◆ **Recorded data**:
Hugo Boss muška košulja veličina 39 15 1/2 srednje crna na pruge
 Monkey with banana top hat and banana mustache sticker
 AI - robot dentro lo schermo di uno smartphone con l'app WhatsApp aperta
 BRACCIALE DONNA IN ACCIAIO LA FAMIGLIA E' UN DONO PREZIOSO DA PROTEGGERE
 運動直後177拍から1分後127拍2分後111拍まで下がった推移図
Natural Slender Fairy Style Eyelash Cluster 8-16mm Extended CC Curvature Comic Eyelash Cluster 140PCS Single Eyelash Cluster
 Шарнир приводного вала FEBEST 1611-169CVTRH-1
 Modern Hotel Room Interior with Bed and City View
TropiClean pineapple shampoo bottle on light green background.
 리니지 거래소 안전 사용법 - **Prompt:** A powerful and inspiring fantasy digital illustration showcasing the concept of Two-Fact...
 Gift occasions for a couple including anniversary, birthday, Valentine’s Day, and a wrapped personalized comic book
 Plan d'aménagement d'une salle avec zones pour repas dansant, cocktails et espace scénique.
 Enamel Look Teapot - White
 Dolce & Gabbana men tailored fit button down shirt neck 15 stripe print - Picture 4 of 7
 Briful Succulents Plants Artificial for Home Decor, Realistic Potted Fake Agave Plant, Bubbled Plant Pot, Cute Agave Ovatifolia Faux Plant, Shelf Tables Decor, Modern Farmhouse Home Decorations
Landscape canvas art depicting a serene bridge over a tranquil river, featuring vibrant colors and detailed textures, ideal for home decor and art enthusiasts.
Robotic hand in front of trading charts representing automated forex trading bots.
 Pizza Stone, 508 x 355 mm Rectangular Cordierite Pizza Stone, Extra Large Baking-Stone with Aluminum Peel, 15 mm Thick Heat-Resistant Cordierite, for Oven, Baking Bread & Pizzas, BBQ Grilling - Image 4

◆ **The problem**: Only the span from the line with "Robotic hand in" through the final line of the records goes in the output, each line unchanged.

◆ **Solved problem**:
Robotic hand in front of trading charts representing automated forex trading bots.
 Pizza Stone, 508 x 355 mm Rectangular Cordierite Pizza Stone, Extra Large Baking-Stone with Aluminum Peel, 15 mm Thick Heat-Resistant Cordierite, for Oven, Baking Bread & Pizzas, BBQ Grilling - Image 4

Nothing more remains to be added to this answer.